O govenador Otaviano Pivetta sancionou, nesta terça-feira (14), a Lei nº 13.284, que proíbe a exposição de alunos da rede pública estadual a conteúdos relacionados à chamada “ideologia de gênero”, nas escolas. A norma também veta a veiculação de propagandas e materiais sobre o tema no ambiente escolar.

Apesar da sanção, dois trechos do projeto foram vetados pelo governador. Um deles previa o afastamento de educadores responsáveis pela aplicação ou omissão diante desse tipo de conteúdo, além da abertura de sindicância e processo administrativo.
O outro dispositivo vetado determinava a entrada em vigor imediata da lei após a publicação. Com os vetos, o texto deve voltar à Assembleia Legislativa, que decidirá pela continuidade ou derrubada dos vetos.
De autoria do deputado Thiago Silva (MDB), a lei estabelece que ficam proibidas a veiculação, exposição ou distribuição de materiais didáticos, publicidades, cartazes, vídeos ou atividades pedagógicas que contenham referências à chamada “ideologia de gênero”, identidade de gênero ou orientação sexual que não estejam previstas nas diretrizes curriculares nacionais.
O texto considera como conteúdos vedados materiais impressos, digitais ou audiovisuais, como filmes, músicas, pinturas, murais, folhetos e pôsteres, exibidos no ambiente escolar que, conforme a lei, possam “induzir ou incentivar a exposição ou manipulação genital, bem como a experimentação sexual individual ou coletiva, de qualquer tipo”.
Posição do STF
A sanção ocorre em um cenário em que o Supremo Tribunal Federal (STF) já declarou inconstitucionais leis municipais com teor semelhante. A Corte entendeu que esse tipo de norma viola a competência exclusiva da União para legislar sobre diretrizes educacionais, além de ferir princípios como a liberdade de ensino, o pluralismo de ideias e a liberdade de pensamento.

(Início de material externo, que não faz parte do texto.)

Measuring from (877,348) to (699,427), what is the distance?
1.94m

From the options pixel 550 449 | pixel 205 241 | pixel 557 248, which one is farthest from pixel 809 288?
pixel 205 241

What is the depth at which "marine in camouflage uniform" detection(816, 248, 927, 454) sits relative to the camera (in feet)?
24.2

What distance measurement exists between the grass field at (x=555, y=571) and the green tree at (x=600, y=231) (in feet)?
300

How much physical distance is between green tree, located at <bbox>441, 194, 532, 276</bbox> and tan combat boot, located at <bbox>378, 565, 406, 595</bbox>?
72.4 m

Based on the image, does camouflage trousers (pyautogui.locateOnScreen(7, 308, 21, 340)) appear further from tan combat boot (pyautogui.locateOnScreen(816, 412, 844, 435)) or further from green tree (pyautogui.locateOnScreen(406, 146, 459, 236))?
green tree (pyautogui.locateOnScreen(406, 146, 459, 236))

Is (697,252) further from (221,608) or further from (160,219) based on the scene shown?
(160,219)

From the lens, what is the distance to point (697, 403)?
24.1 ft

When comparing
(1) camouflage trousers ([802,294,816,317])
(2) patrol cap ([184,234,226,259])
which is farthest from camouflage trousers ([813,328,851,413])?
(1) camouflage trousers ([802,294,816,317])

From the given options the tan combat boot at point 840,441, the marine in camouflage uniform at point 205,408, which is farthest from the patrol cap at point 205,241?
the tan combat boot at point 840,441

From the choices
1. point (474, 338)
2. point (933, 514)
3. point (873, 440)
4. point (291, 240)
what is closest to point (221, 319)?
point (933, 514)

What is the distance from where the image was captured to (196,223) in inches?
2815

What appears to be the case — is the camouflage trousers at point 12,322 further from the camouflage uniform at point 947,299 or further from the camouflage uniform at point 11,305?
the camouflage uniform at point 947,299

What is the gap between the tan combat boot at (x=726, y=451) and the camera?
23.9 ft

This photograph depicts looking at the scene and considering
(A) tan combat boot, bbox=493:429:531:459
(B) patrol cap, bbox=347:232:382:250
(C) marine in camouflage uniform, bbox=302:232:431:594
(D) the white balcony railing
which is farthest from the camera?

Na tentativa de blindar a proposta, o texto sustenta que não há invasão de competência da União, argumentando que a educação é regida por normas federais, mas permite aos estados complementar e adaptar as diretrizes conforme especificidades regionais, conforme previsto na Lei de Diretrizes e Bases da Educação Nacional (LDB).

Pesquisadora aponta possível inconstitucionalidade
Para a pesquisadora Bruna Irineu, professora da Universidade Federal de Mato Grosso (UFMT), a proibição de debates sobre o tema nas escolas pode ser considerada inconstitucional.

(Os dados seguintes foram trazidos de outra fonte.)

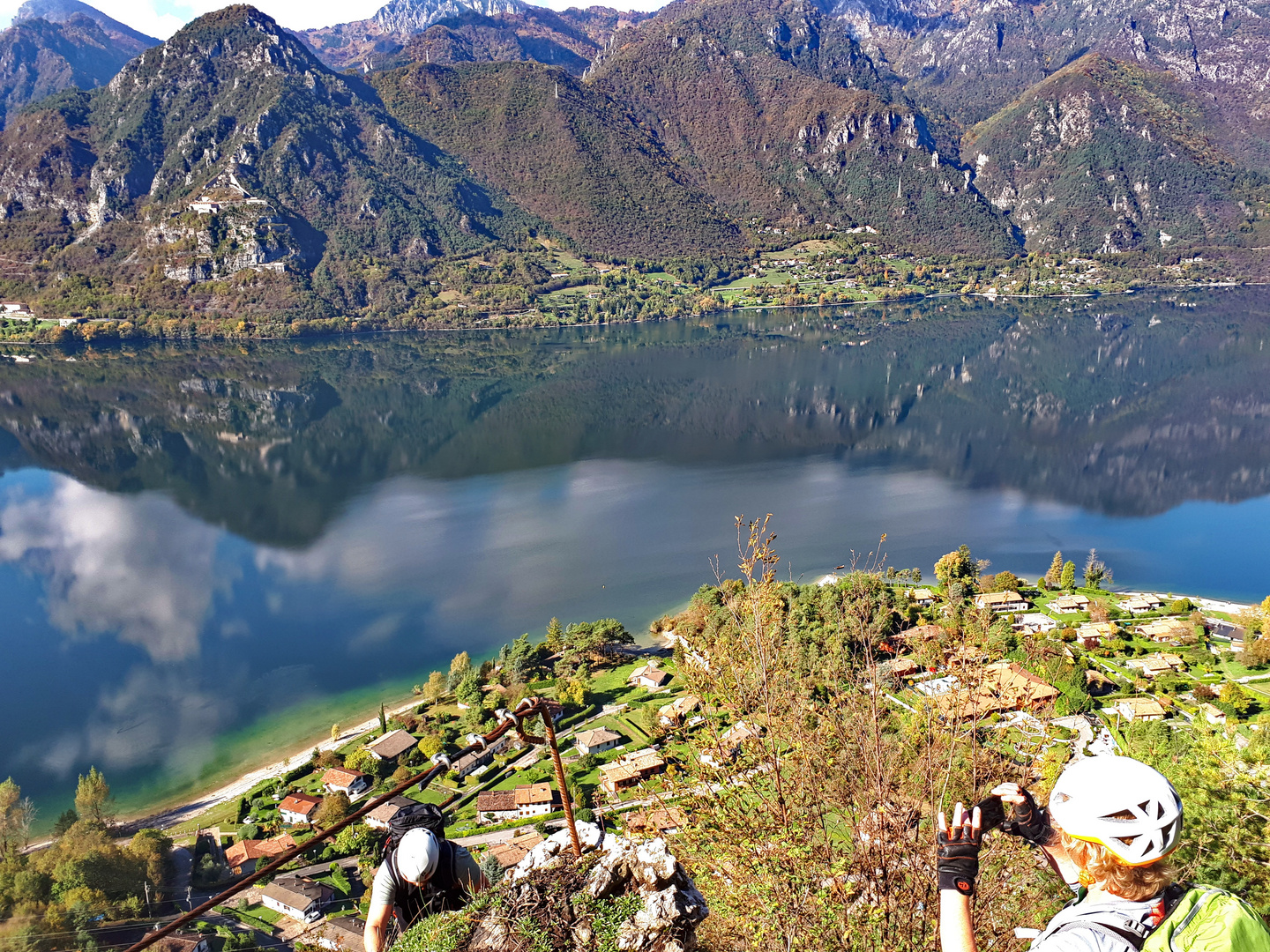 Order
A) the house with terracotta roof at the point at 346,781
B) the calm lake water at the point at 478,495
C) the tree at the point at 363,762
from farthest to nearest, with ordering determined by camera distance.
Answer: the calm lake water at the point at 478,495 < the tree at the point at 363,762 < the house with terracotta roof at the point at 346,781

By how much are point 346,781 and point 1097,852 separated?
703 inches

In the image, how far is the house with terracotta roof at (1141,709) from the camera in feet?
56.1

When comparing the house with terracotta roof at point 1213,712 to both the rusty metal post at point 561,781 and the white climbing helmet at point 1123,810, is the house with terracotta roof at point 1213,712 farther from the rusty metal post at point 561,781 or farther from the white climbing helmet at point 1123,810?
the white climbing helmet at point 1123,810

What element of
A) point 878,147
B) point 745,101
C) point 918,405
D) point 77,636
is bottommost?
point 77,636

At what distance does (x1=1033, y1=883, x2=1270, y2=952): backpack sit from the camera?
171 cm

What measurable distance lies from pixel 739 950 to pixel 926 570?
2795cm

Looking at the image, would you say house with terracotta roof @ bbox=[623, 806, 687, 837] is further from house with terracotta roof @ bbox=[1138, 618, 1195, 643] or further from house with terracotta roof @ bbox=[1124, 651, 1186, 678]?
house with terracotta roof @ bbox=[1138, 618, 1195, 643]

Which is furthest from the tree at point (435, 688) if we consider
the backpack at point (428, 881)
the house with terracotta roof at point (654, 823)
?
the backpack at point (428, 881)

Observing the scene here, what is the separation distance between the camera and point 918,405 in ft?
186

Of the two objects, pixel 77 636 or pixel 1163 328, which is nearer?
pixel 77 636

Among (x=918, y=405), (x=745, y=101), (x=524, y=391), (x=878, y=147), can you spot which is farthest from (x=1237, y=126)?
(x=524, y=391)

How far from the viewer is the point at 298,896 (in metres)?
13.3

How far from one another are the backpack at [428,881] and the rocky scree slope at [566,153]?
12860 centimetres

“O ato de proibição de qualquer debate do campo dos direitos humanos nas escolas é inconstitucional. Proibir qualquer assunto do campo dos direitos humanos é automaticamente inconstitucional e, portanto, reversível”, afirma a pesquisadora.
Bruna ainda avalia que o avanço de propostas desse tipo está ligado a uma mobilização política e social conservador. Para ela, a lei é um exemplo de pânico moral que se constrói a partir da tentativa de impedir a discussão ainda pequena da diversidade dentro das escolas.

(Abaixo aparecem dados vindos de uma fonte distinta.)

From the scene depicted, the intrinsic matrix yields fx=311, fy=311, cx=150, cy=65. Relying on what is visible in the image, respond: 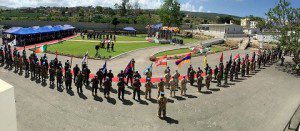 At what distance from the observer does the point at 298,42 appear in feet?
99.9

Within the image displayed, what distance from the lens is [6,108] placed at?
301 inches

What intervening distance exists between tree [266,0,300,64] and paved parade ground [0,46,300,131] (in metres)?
9.18

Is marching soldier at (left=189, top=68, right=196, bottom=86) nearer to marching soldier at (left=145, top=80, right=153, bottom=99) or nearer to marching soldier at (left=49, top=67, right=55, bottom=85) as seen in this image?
marching soldier at (left=145, top=80, right=153, bottom=99)

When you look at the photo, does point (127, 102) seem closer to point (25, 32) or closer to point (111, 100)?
point (111, 100)

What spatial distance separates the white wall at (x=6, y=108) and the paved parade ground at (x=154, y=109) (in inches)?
232

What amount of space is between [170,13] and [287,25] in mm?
43752

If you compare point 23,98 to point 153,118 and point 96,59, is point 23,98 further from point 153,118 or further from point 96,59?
point 96,59

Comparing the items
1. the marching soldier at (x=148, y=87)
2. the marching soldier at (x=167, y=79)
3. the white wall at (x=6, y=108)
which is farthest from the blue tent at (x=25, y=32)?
the white wall at (x=6, y=108)

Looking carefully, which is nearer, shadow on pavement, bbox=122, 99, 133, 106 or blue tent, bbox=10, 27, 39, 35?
shadow on pavement, bbox=122, 99, 133, 106

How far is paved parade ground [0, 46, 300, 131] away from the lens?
47.5 feet

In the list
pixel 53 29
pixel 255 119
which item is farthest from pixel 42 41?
pixel 255 119

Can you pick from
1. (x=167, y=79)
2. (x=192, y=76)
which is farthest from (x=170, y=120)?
(x=192, y=76)

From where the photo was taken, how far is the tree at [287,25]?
30.4 metres

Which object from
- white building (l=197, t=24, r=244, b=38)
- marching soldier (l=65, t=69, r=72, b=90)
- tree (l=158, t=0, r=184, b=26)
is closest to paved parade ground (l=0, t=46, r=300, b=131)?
marching soldier (l=65, t=69, r=72, b=90)
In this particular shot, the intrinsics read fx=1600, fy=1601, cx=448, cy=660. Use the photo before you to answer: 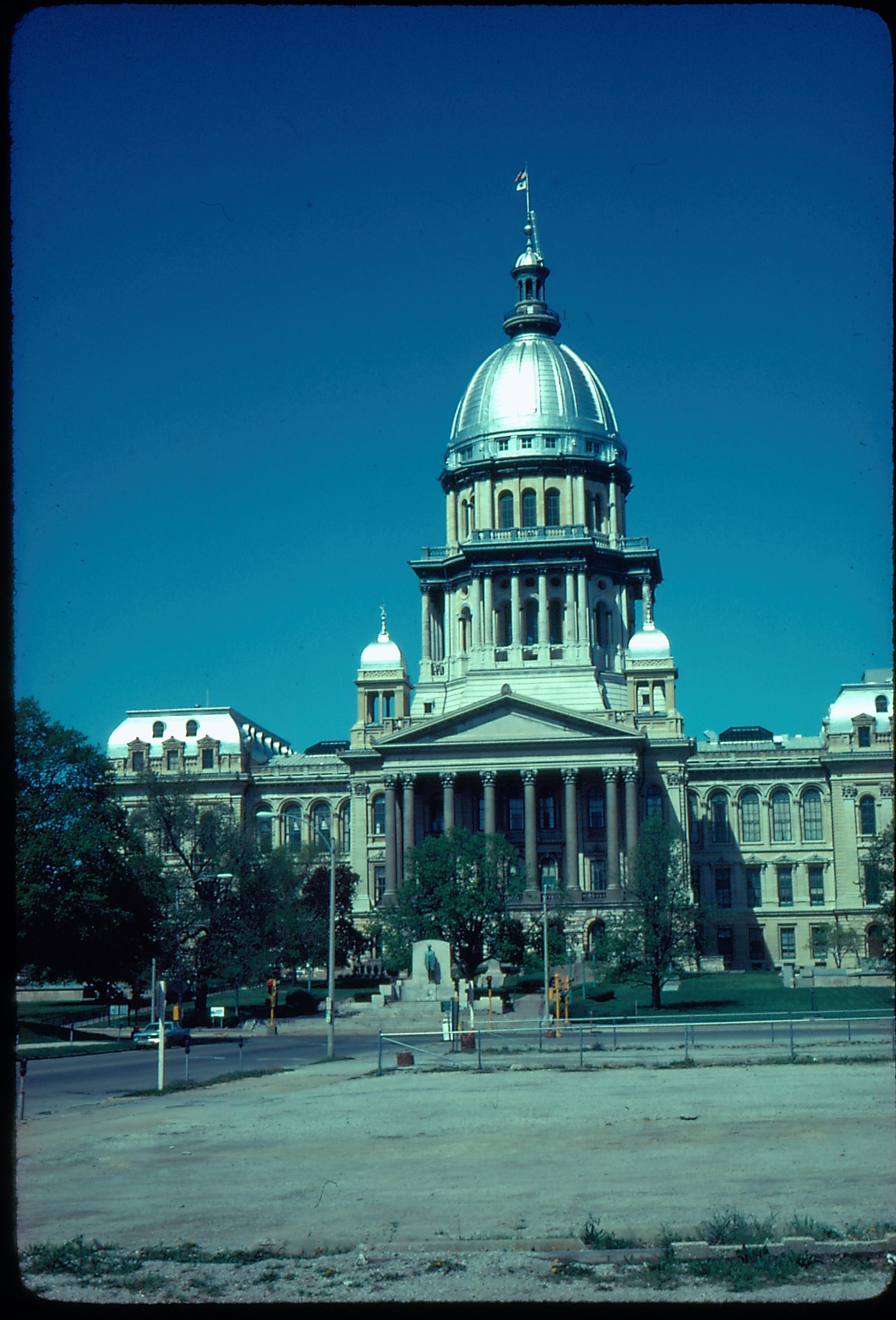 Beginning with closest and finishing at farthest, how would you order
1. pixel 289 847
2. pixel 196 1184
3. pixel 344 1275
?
pixel 344 1275 < pixel 196 1184 < pixel 289 847

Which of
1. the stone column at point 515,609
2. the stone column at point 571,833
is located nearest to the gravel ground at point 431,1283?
the stone column at point 571,833

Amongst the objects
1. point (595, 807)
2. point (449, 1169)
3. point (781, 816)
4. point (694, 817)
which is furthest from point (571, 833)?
point (449, 1169)

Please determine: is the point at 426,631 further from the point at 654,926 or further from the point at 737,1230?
the point at 737,1230

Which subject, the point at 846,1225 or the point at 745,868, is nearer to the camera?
the point at 846,1225

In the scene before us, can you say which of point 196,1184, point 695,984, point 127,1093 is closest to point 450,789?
point 695,984

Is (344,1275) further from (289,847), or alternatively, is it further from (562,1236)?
(289,847)

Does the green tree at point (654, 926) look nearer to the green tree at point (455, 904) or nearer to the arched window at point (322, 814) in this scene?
the green tree at point (455, 904)

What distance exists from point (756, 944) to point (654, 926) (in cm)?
4438

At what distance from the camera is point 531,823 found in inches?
4176

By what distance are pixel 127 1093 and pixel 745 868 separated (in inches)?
3384

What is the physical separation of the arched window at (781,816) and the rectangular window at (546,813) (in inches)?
790

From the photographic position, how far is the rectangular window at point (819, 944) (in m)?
114

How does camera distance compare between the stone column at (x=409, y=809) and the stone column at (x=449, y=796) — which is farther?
the stone column at (x=409, y=809)

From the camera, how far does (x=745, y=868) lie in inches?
4766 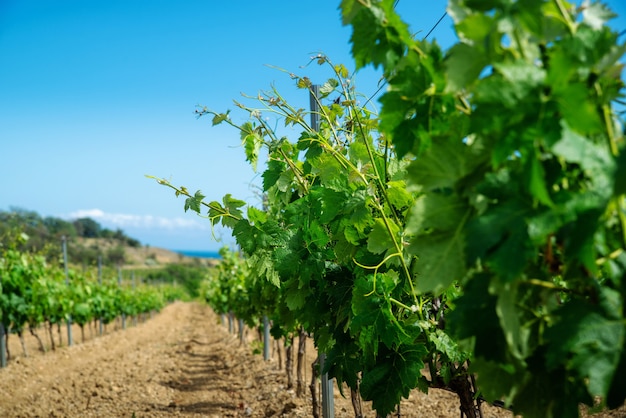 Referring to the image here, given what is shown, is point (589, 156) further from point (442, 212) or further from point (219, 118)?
point (219, 118)

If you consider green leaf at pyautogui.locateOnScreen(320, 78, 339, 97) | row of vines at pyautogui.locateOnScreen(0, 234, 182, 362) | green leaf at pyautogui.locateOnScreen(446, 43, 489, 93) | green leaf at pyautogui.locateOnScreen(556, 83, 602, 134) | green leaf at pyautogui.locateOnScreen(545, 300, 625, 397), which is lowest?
row of vines at pyautogui.locateOnScreen(0, 234, 182, 362)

“Se constrói um pânico moral em torno desses temas e, no fundo, isso busca conter a pluralidade e a diversidade de corpos, comportamentos e experiências de gênero e sexualidade. Esse tem sido o discurso dos setores conservadores, especialmente em municípios e estados com base mais conservadora, para aprovar esse tipo de medida e cercear a liberdade de ensino dos poucos docentes que atuam nessas áreas”, diz a professora.
Ela defende que, em vez da proibição, o debate deveria ser ampliado no ambiente escolar.
“Ao invés de proibir esse tipo de debate, nós deveríamos discutir como promover o respeito à diversidade e combater o bullying e o cyberbullying”, conclui a pesquisadora.